One of only about 500 octagonal buildings remaining in the United States, the octagon house has a unique story. The type is based on the mid-19th century ideas of Orson Squire Fowler, that eight-sided homes were preferable to the standard four-sided type. The builders of octagonal structures believed that: windows on eight sides gave more light and better air circulation ; and that they were easier and less expensive to construct. Fowler's architectural ideas were popular in the East through the 1850s, where most octagonal structures and homes were built. After the Civil War interest waned in the octagonal style. This octagon house is unusual being built later, in 1893. It was built by Gilbert Longfellow at 3800 Homer Street, L.A. It was declared a Los Angeles Historic-Cultural Monument, and was moved to the museum grounds.

The John J. Ford House

The Ford House was built in 1887 as part of a large tract of simple middle-class homes in downtown Los Angeles built by the Beaudry Brothers. The home is particularly interesting because of its inhabitant – John J. Ford, a well-known wood carver. Ford's works include carvings for the California State Capitol, the Iolani Palace in Hawaii, and Leland Stanford's private railroad car. Because of his occupation, the exterior and interior carvings were all done by hand in ornate, one-of-a-kind patterns.

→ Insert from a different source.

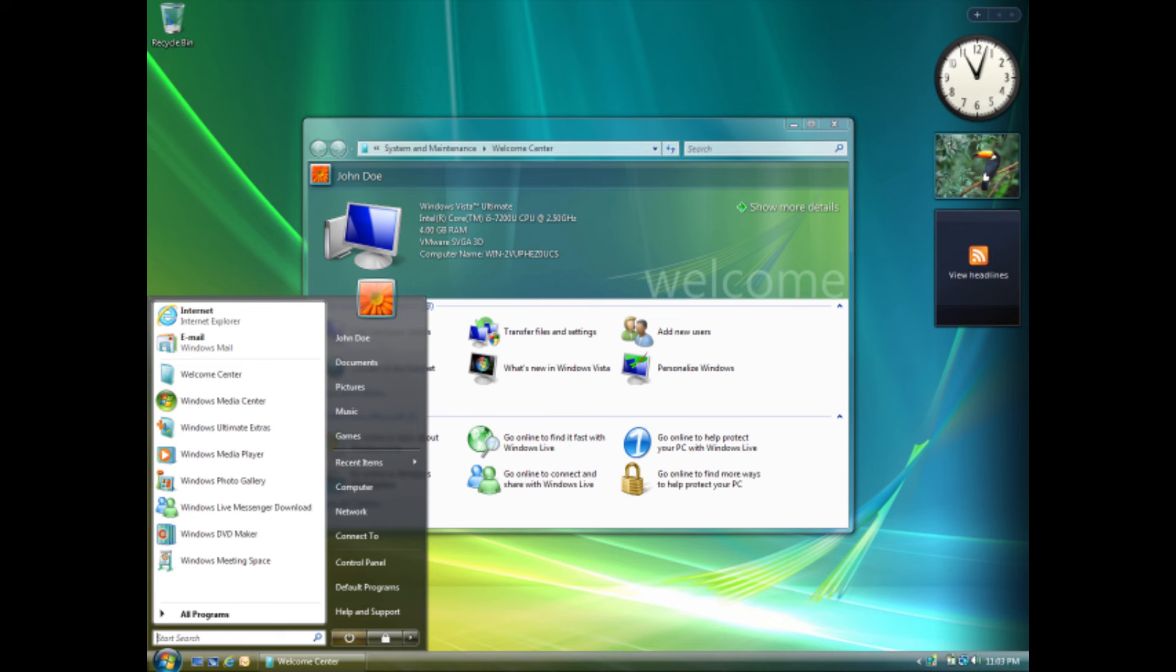Actually, you could do that, but imagine the amount of time, effort, resources, and money you would have to spend just to make an old system like Vista usable again. There is absolutely no point in doing that. The best you could possibly do to protect yourself is to use anti-virus software and use up-to-date web browsers and whatever other software you use.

Lincoln Avenue Methodist Church

The Lincoln Avenue Methodist Church was built in 1897, located at 732 North Orange Grove Boulevard in Pasadena. Designed in the Carpenter Gothic and Queen Anne styles, the floor plan also follows the Methodist tradition of non-axial plans. This plan, with the entrance in one corner and the pulpit in the opposite, is known as the Akron style, having originated in Akron, Ohio.

Carriage Barn

The carriage barn was built in 1899 on the grounds of what is now Pasadena's Huntington Memorial Hospital for Dr. Osborne, a member of the hospital's staff. Its architectural style is Queen Anne Cottage with Gothic Revival influences. It has three gables and a distinctive pitched roof.
The barn was saved from demolition and moved to the Heritage Square Museum in 1981.

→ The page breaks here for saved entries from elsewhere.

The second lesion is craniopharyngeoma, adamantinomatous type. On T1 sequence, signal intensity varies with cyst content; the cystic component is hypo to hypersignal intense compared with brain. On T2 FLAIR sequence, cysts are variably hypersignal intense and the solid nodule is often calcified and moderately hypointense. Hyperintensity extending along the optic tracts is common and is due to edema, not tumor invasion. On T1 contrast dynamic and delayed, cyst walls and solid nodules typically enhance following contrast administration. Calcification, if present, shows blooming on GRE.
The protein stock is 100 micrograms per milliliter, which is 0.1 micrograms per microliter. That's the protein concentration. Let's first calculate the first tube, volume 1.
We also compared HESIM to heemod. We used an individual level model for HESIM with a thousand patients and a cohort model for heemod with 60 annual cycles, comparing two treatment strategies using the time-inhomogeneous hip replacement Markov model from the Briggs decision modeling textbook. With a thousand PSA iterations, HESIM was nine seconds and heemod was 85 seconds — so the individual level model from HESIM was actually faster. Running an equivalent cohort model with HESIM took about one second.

Valley Knudsen Garden Residence — Shaw House

A unique style for the West Coast, the Shaw House is a Second Empire home with a French mansard roof. It is of a smaller scale than the Hale and Perry Houses.

Hale House

The Hale House was built in 1887 by George W. Morgan, a land speculator and real estate developer, at the foot of Mount Washington just a few blocks from the museum in Highland Park in Los Angeles. The building is an outstanding example of the Queen Anne and Eastlake styles.
The house was sold many times and was moved from 4501 to 4425 North Pasadena Avenue before being purchased by James G. Hale in 1906. It remained in the Hale Family until it was acquired by the museum in 1970, as a Los Angeles Historic-Cultural Monument. The exterior colors of Hale House were reproduced from chips of the original colors found on the house during restoration. The interior has been restored to represent the rooms as they may have appeared in 1899.

The Salt Box

was one of the last homes on Bunker Hill, and one of the first moved to the Heritage Square Museum grounds. It was of the Saltbox style. Shortly after its arrival, an arson fire destroyed it. It has a place of remembrance as a Los Angeles Historic-Cultural Monument.